17. İçinde her türlü meyveler bulunan bahçe sahiplerini bela vererek imtihan ettiğimiz gibi Mekke'lileri de açlık ve kıtlıkla bela verip imtihan ettik. Hani o bahçe sahipleri sabah olunca erkenden kimse görmeden mahsulleri toplamaya yemin etmişlerdi.
18. Allah dilerse şeklinde Allah'ın iradesi ile ilgili hiçbir istisnai kayıt da koymamışlardı.
19. Onlar daha uykuda iken Rabbinden gelen bir felaket bahçeyi kapladı ve sardı.
20. Derken bahçe kapkara kesilip çorak bir yere dönüvermişti.
21. Bahçe sahipleri sabahleyin birbirlerine sesleniyorlardı.
22. Mahsüllerinizi toplayacaksanız erkence koşup gidin.
23. Derken yola düştüler, birbirlerine gizlice diyorlardı ki:
24. “Bugün hiçbir yoksula yol vermeyin, yanınıza sokulmasın sakın.”
25. Ve kendilerini yoksullara birşey vermemeye güçleri yeter zannederek erkenden bahçelerine gittiler.
26. Ama bahçeyi o perişan haliyle görünce: “Herhalde biz yanlış yere gelmişiz, bizim bahçe burası değildir veya biz sapık insanlarız fakir ve yoksulları haklarından mahrum etmeye çalışıyoruz” dediler.
27. Sonra yanlış yere gelmediklerini ve Allah'ın bir cezası ve imtihanı olduğunu anladıklarında: “Biz mahrum bırakılmışız” dediler.
28. Aralarında en aklı selim sahibi olan en uygun düşüneni: “Ben size Allah'ın sınırsız şanını yüceltmelisiniz dememişmiydim?” deyince,
29. onlar da: “Rabbimizin şanı yücedir, doğrusu biz yaratılış gayemize aykırı hareket ediyormuşuz” dediler.
30. Sonra dönüp birbirlerini kınamaya başladılar.
31. “Yazıklar olsun bize, gerçektende azmış kimselermişiz” dediler.
32. “Belki Rabbimiz bize harap olan bahçemizin yerine ondan daha iyisini verir, biz Rabbimize dönüyor ve her arzumuzu O'ndan istiyoruz.”
33. İşte bazı insanları bu dünyada denemek için gönderdiğimiz azap böyledir ama öteki dünyada günahkarların uğrayacağı azap daha da şiddetli olacak, keşke bunu bilselerdi.

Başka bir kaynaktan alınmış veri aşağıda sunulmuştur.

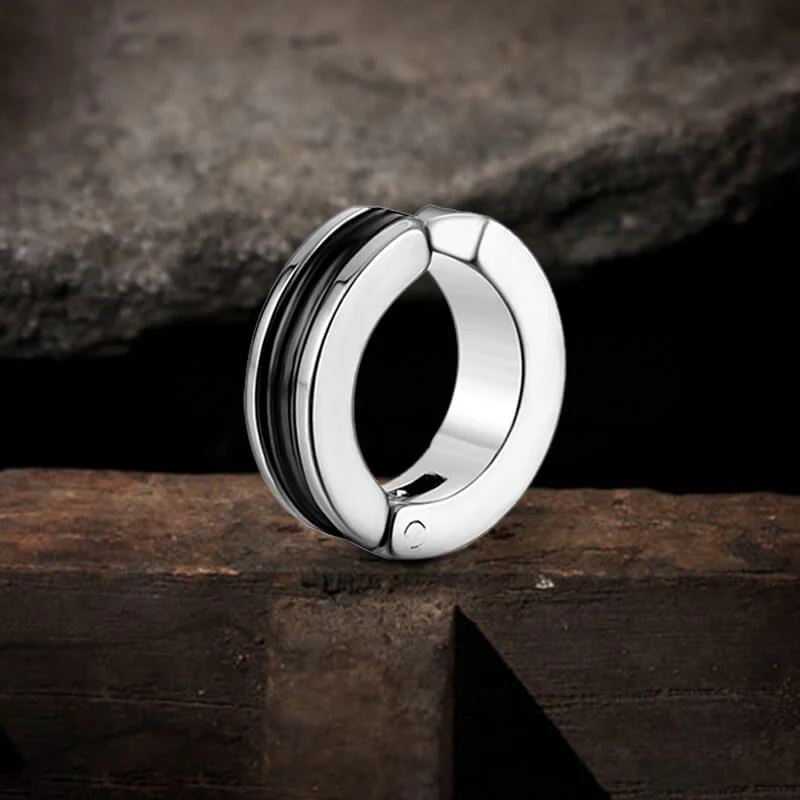 9353-black-single-black-single-variation-1.webp Minimalist Geometric Stainless Steel Ear Cuffs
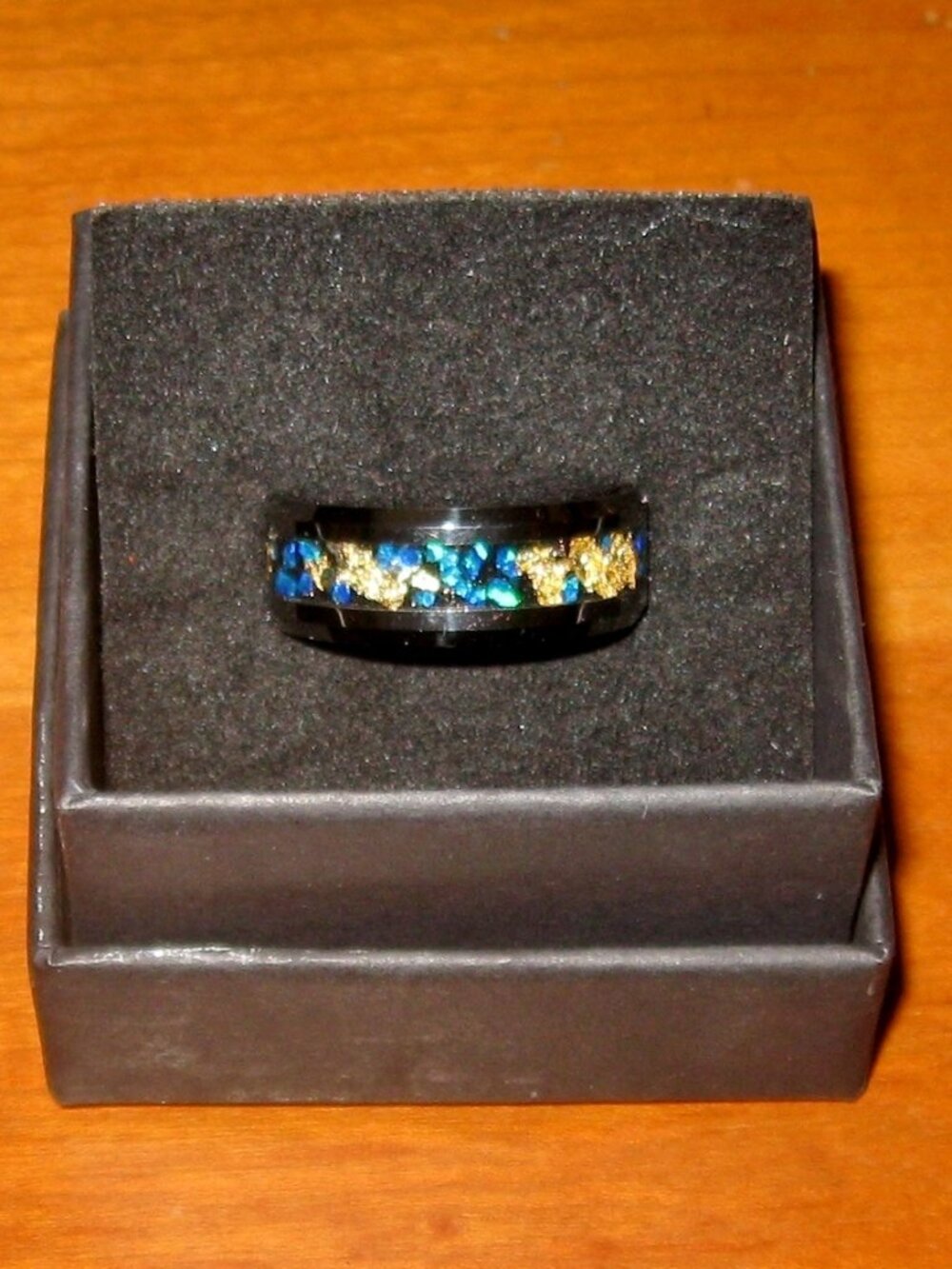 Men's Ring Silvertone Trim Band Sz 9 Blue w Gold Leaf Flakes Modern Wedding Ring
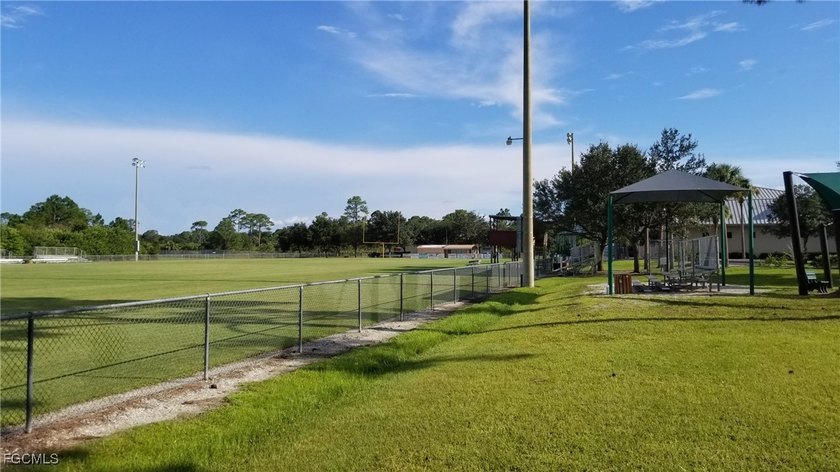 Double lot!!! Flood zone X! No HOAs with fees or deed - photo 22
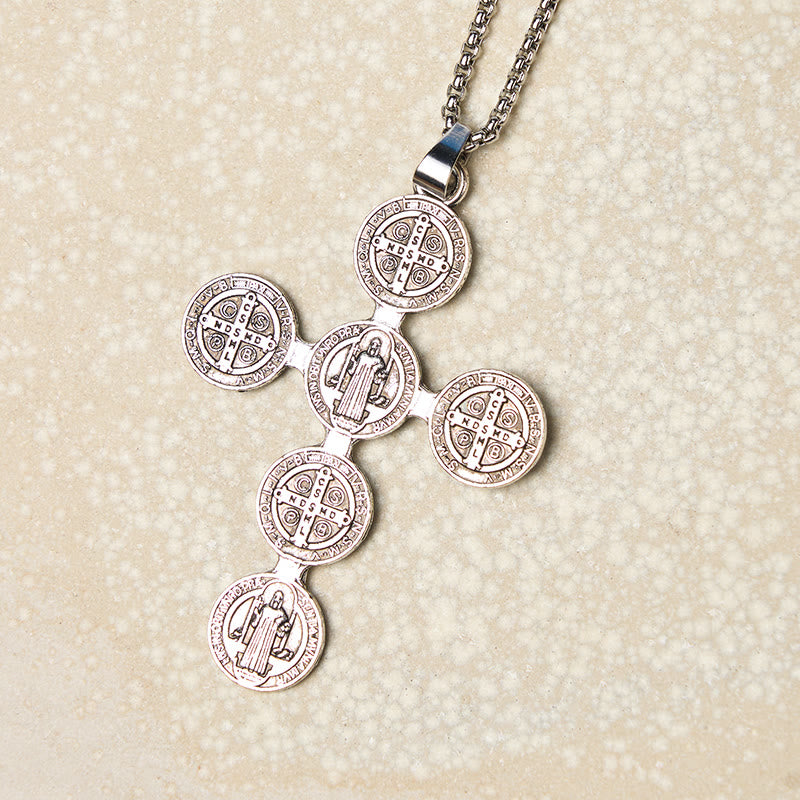 Collier pendentif Croix de Saint Benoît style rétro classique protection divine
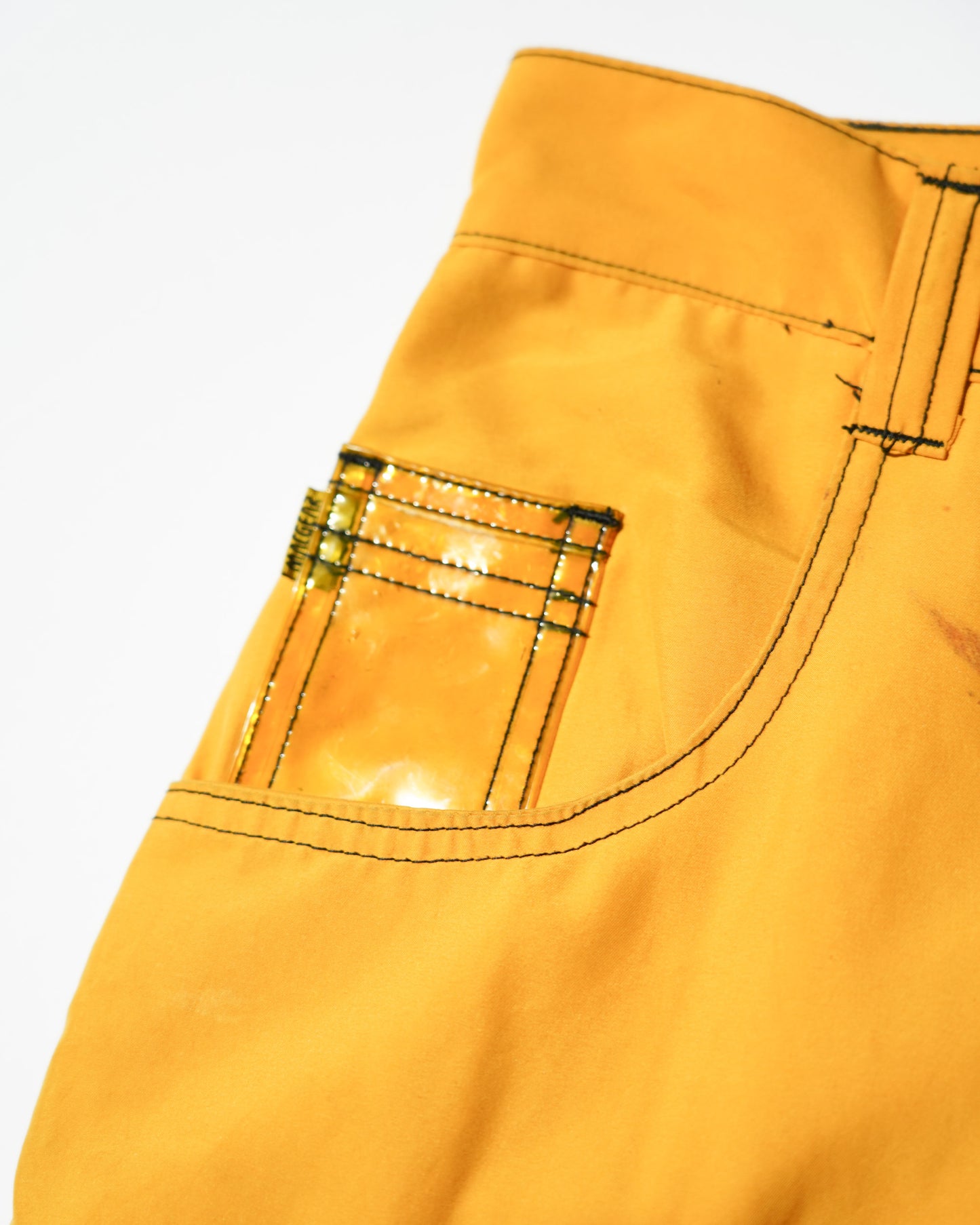 YELLOW_03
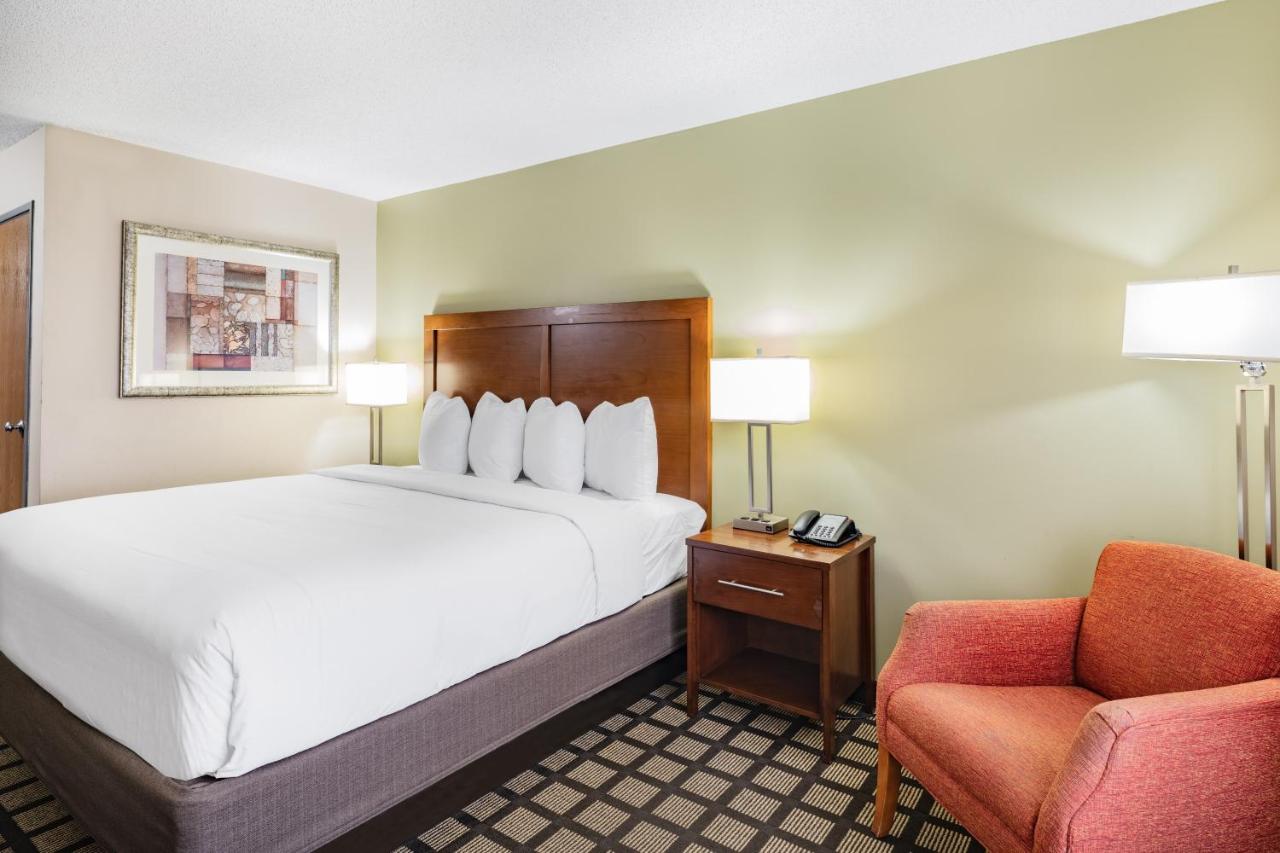 King Room - Non-Smoking at Baymont by Wyndham Gurnee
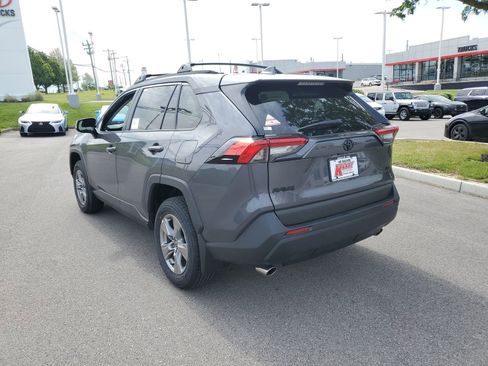 Used 2025 Toyota RAV4 XLE w/ Convenience Package AWD/4WD image 1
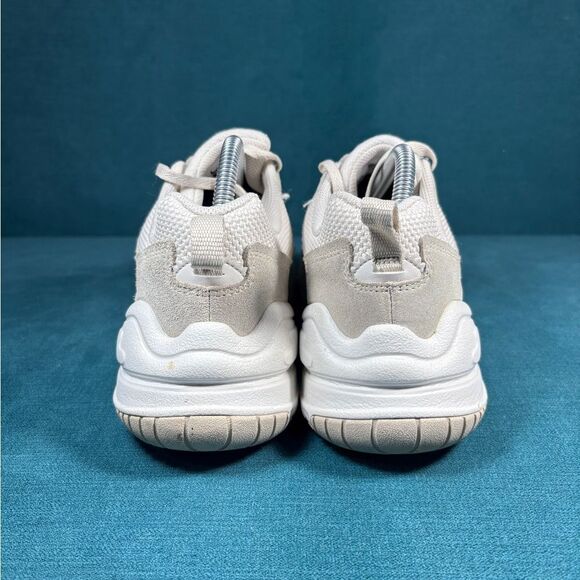 Size 10 - Women’s Nike Tech Era cream shoes - Picture 2 of 8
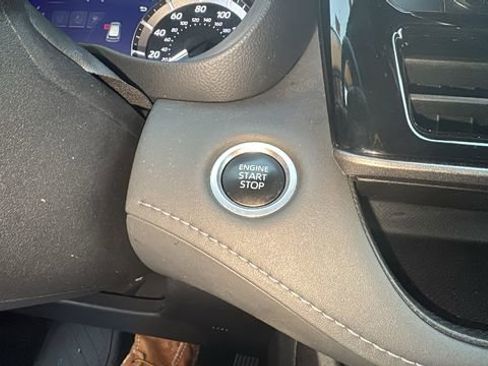 Used 2024 Toyota Highlander LE image 15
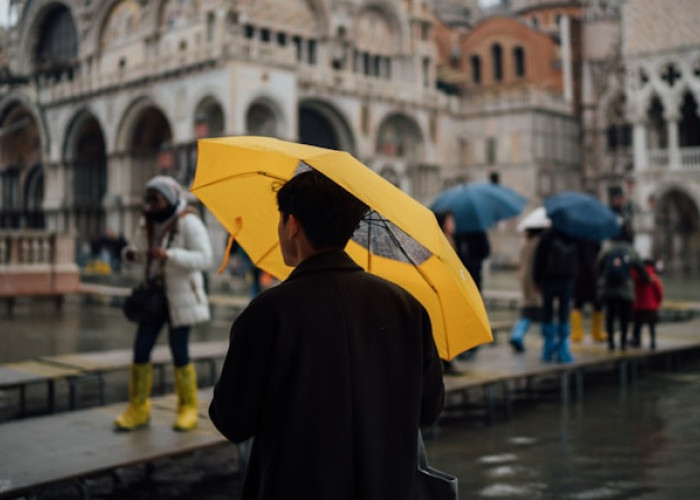 5 Tips Liburan Nyaman di Musim Hujan, Tetap Asyik dan Seru!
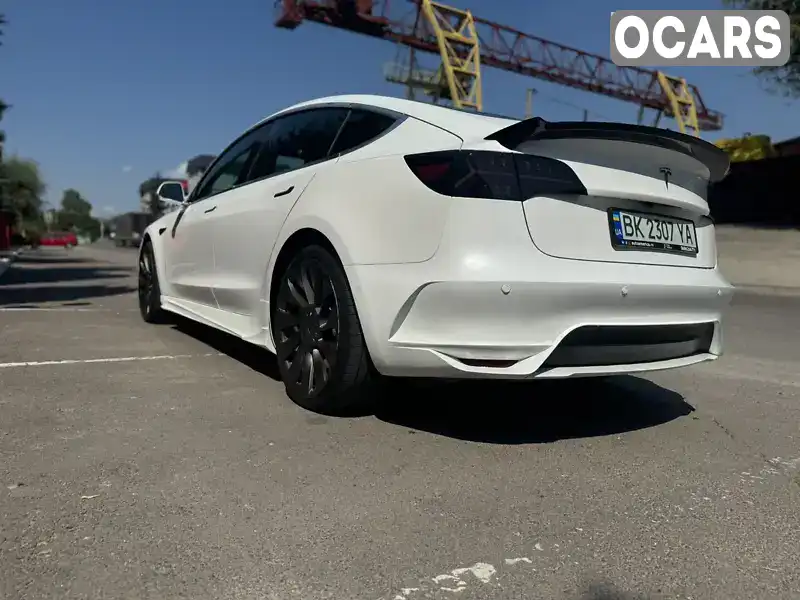 Седан Tesla Model 3 2018 null_content л. обл. Ровенская, Ровно - Фото 1/21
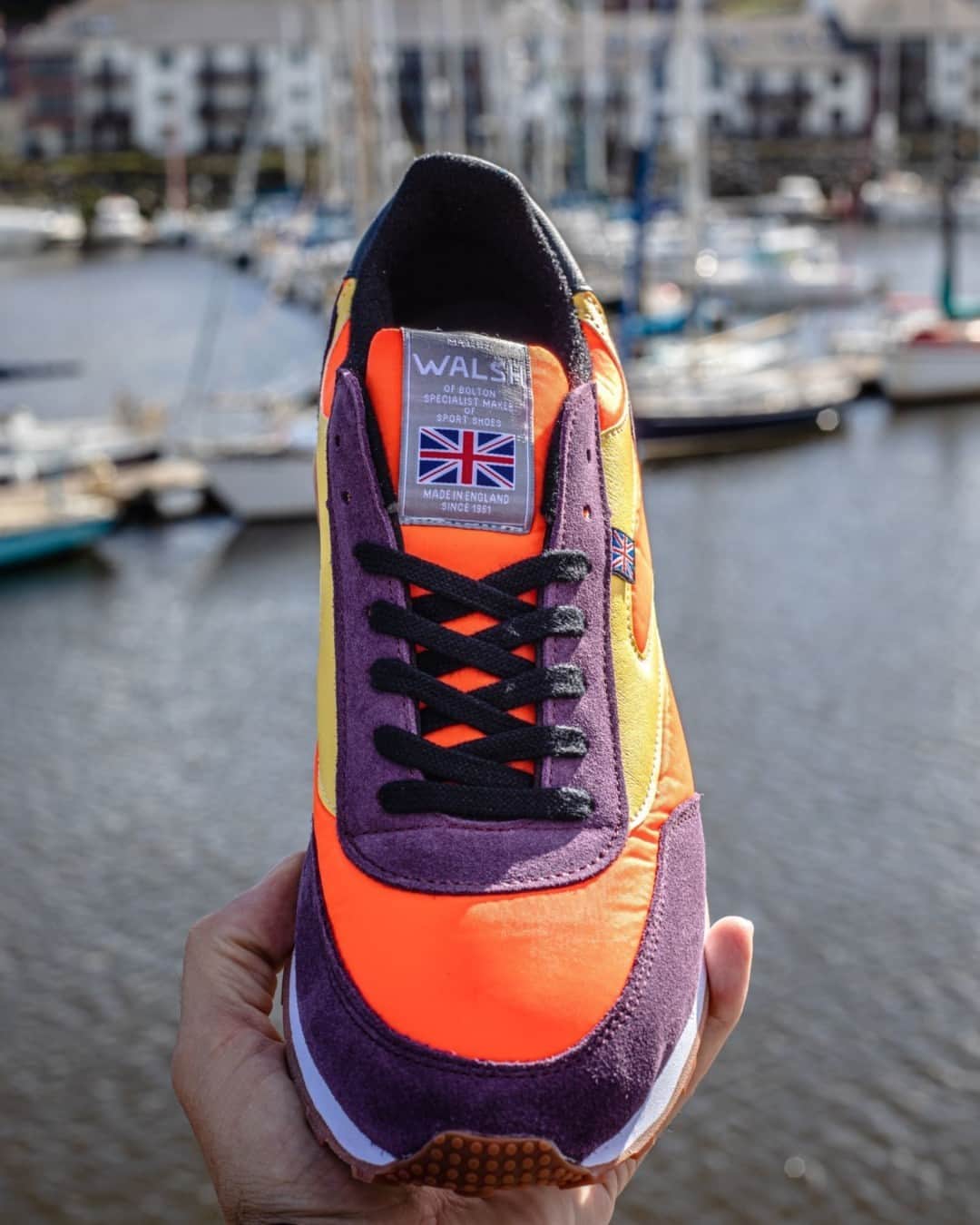 ウォルシュのインスタグラム：「Who else loves our New Horwich Range?!🧡 . . . #normanwalshuk #normanwalsh #britishmanufacturing #madeinbritain #ukmfg #shoes #footwear #sneakers」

34. Yolunu Allah'ın kitabıyla bulanlar için nimetler dolu cennetler vardır.
35. Artık müslümanları suçlular gibi tutarmıyız hiç?
36. Ey inkârcılar! Size ne oluyor nasıl hüküm veriyorsunuz yani müslümanlarla siz inkârcılar hiç bir olur mu?
37. Yanınızda gökten inmiş bir kitap var da oradan mı okuyup hüküm çıkarıyorsunuz?
38. Orada neyi beğenir isterseniz sizindir diye mi yazılı?
39. Yoksa bizden kıyamete kadar devam edecek bir söz mü aldınız ki, istediğiniz gibi hüküm veresiniz.
40. Ey peygamber! Sor onlara, onlardan hangisi bu hükmün savunucusu olacak?
41. Yoksa ortakları mı var? Doğru söylüyorlarsa gelsinler bakalım ortaklarıyla.
42. O gün işler güçleşir, onlar secde etmeye çağrılacaklar ama güçleri yetmez ve vakti de geçmiştir zaten.